Tuesday 6 February 2007

Gains and Grievances

Today's achievements:
  1. I successfully rewrote my CV for the PA/Executive Assistant arena - this involved deleting everything I believe to be impressive about my employment history and flagging up non-events such as typing words per minute and the fact that I can organise a meeting.
  2. I finally completed my application for a writing job at the Red Cross that sounds gripping - unfortunately, having finished the online form after a substantial amount of time spent grappling with awful drop-down menus and reams of equal opportunities questions, I spotted the salary in the job description. I had got the idea from somewhere that the salary was around £28K. I was wrong. It is precisely the salary that one would expect from a fascinating job at a charity: a pittance.
  3. I checked in at MacFixitForums where Apple geeks share info, and found that my post about slow running programs had been answered. I thus rebuilt Entourage, my email programme - and installed and ran OnyX, a deceptively small programme that rooted out all the space-filling rubble on my system and gave me an extra 1.5 Gb of available space. Very satisfying.
  4. I sellotaped the spine of my borrowed copy of Duruflé's Requiem as it was falling to pieces.
Today's gripes:
  1. People who are clearly at their desk and who are, in some small way, holding my future in their grasp, but who do not reply immediately to my emails. They should be culled.
  2. Part-time job ads that use pro rata payment information: it's misleading and irritating. A new position that I thought sounded extremely appealing was advertised as four days a week, salary £30K pro rata. It all seemed lovely - but then I took a fifth of the salary off, to account for me working four days rather than five, and it emerged that the actual salary would be £24K - not an insubstantial difference. How annoying.
  3. Cats that don't run down the stairs fast enough when I'm trying to reach the front door before the postman sprints gleefully away down the street clutching my undelivered package. Loitering on the staircase in front of me is not helpful - particularly when I am in a hurry.
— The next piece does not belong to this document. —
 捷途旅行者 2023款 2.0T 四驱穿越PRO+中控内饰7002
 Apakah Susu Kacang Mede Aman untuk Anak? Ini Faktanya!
Of course, my frame is delicate and fragile, and I am well-known in my family for being fleet of foot, but even so, in a contest between my descending weight and a feline spine, I think we all know who would win.
With the day's achievements outweighing the gripes, I think I can afford myself a virtual high five - although high fiving oneself does smack of desperation and loneliness. Additionally, I must make sure I don't get too cocky - it's only lunchtime and there's still much potential for further events of both negative and positive persuasions. I'll put the high five on hold 'til the flower of Tuesday has unfurled a few more petals. Check back soon for more terrible metaphors and self-indulgent musing.